Foto: Reprodução/Facebook

Didier Drogba com crianças na Costa do Marfim
 

Grande ídolo do Chelsea, maior jogador e artilheiro da Costa do Marfim, eleito duas vezes o melhor jogador africano e três Copas do Mundo disputadas. Palavras não faltam para mostrar a importância do ex-atacante Didier Drogba para o futebol mundial. Para o povo e a história da Costa do Marfim, porém, seu legado vai além das quatro linhas. Matador implacável dentro de campo, soube fazer das palavras uma grande arma para mudar as coisas e trazer a paz em seu país.

 

A Costa do Marfim viveu mais de três décadas sob o regime de Félix Houphöet-Boigny, um ex-chefe tribal com papel de destaque na independência do país junto à França. Em seu governo, o cacau e o café trouxeram uma relativa prosperidade econômica e houve certa tolerância entre os diferentes grupos políticos e étnicos. Com sua morte em 1993, entretanto, a estabilidade deu lugar à recessão econômica, golpes de Estado e uma enorme divisão social. No norte comandado por rebeldes, ficaram os Baoulé, de maioria muçulmana; no sul os Beté, cristãos fiéis ao governo. Em um país completamente fragmentado, amigos se separaram, irmãos de diferentes regiões começaram a se odiar e os problemas passaram a ser resolvidos na base da força e da violência.
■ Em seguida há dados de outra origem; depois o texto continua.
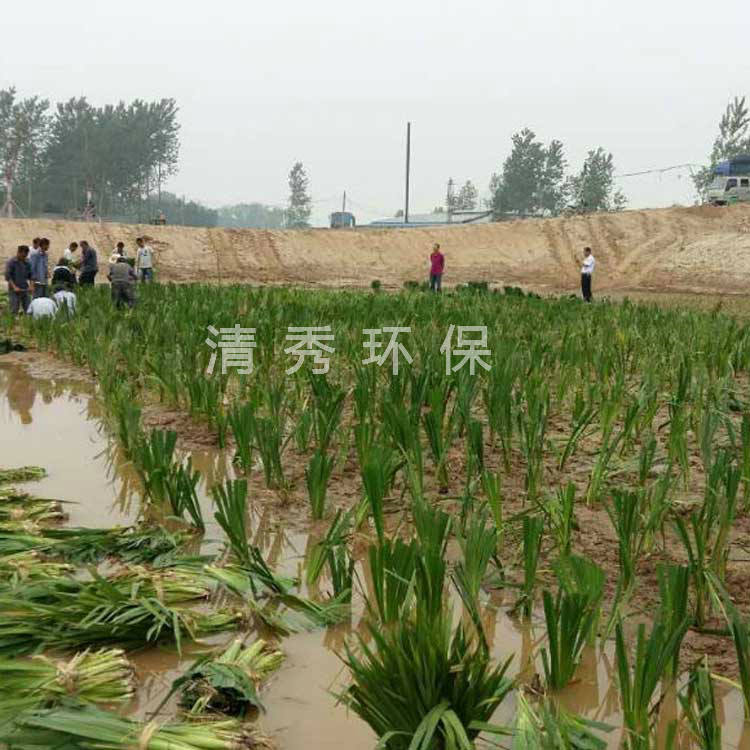 22豐縣大沙河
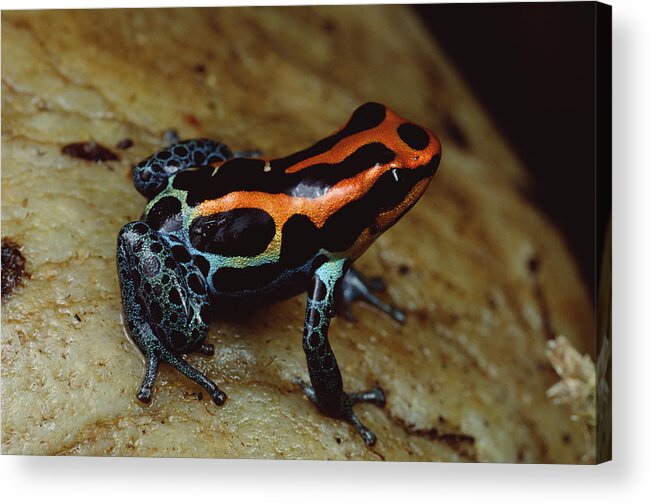 Feb0514 Acrylic Print featuring the photograph Rio Madeira Poison Frog Peruvian by Mark Moffett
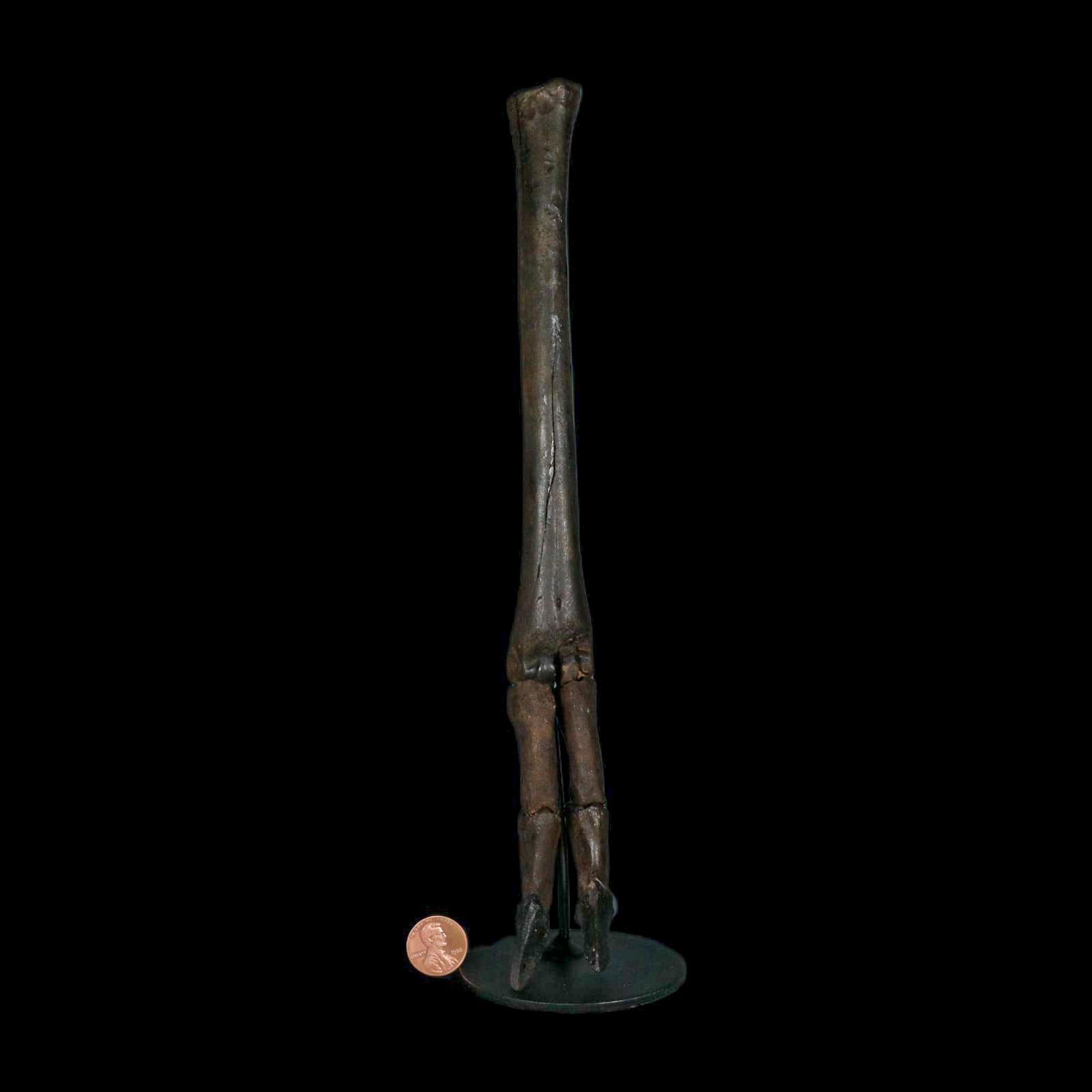 10.4" Odocoileus Virginianus Deer Fossil Leg Bone Pleistocene Age Metal Stand - Fossil Age Minerals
Parecia não haver um caminho.

 

No meio de tudo isso, havia o futebol e os “Elefantes”, como é chamada a seleção marfinense, por conta da história do país ligada à exploração do marfim. Era uma geração talentosa, com jogadores atuando em grandes times do mundo, como Emmanuel Eboué (Arsenal), Yaya Touré (Olympiakos), Kalou (PSG) e Kéita (Lille). Bem-sucedidos em suas carreiras e ídolos no futebol, aos olhos dos torcedores, pareciam não se importar com a realidade do país e de seu povo.

 

Coube ao principal craque do time dar o grande passo para mudar essa percepção. Em 2005, Didier Drogba estava em sua segunda temporada pelo Chelsea – clube pelo qual viria a marcar 157 gols e ganhar 14 títulos, incluindo uma Liga dos Campeões e quatro campeonatos ingleses. Nascido na capital Abidjan, foi morar na França com apenas cinco anos de idade, onde cresceu e jogou pelo Le Mans, Guingamp e Olympique de Marselha até chegar ao Reino Unido. Criado longe da Costa do Marfim e de origem Beté – a mesma etnia do presidente Laurent Gbagbo –, muitos o viam como um possível apoiador do regime que não interviria na situação política. Mas, como no futebol, Drogba mostrou o imponderável da vida.

 

Em outubro do mesmo ano, os Elefantes conseguiram um feito histórico. A equipe havia se classificado pela primeira vez para disputar uma Copa do Mundo. Naquele dia, no Sudão, quando todos os olhares marfinenses se voltaram para o futebol, Drogba fez algo muito maior do que celebrar um feito em campo. Junto de todos os jogadores, ele se ajoelhou no vestiário e, ao vivo, clamou pelo fim dos conflitos: “Marfinenses, do norte e do sul, do centro ao oeste; hoje nós provamos que todos podemos conviver e jogar juntos na Costa do Marfim. Temos o mesmo objetivo: a classificação para o Mundial. Vocês prometeram que essa festa reuniria todo o povo. Hoje, pedimos, por favor: perdoem, perdoem. O único país da África com todas essas riquezas não pode se consumir em guerras. Por favor, entreguem as armas. Organizem as eleições e tudo vai melhorar”, pediu o atacante na frente das câmeras.

 

Um poderoso discurso de apenas 76 segundos que se tornou um divisor de águas. Sem perceber, Drogba parou uma guerra na Costa do Marfim.

 

Uma semana depois, governo e rebeldes firmaram um cessar-fogo, uma trégua de um conflito que, na época, já havia vitimado mais de 4 mil pessoas, segundo dados de organizações não governamentais. “Estávamos à beira de uma Guerra Civil em 2005. A guerra eclodiu, mas só cinco anos depois. Na época, nossa situação era parecida e precisávamos de pessoas como Didier Drogba”, conta Venance Konan, editor do jornal marfinense Fraternité Matin, no documentário “Os Rebeldes do Futebol”.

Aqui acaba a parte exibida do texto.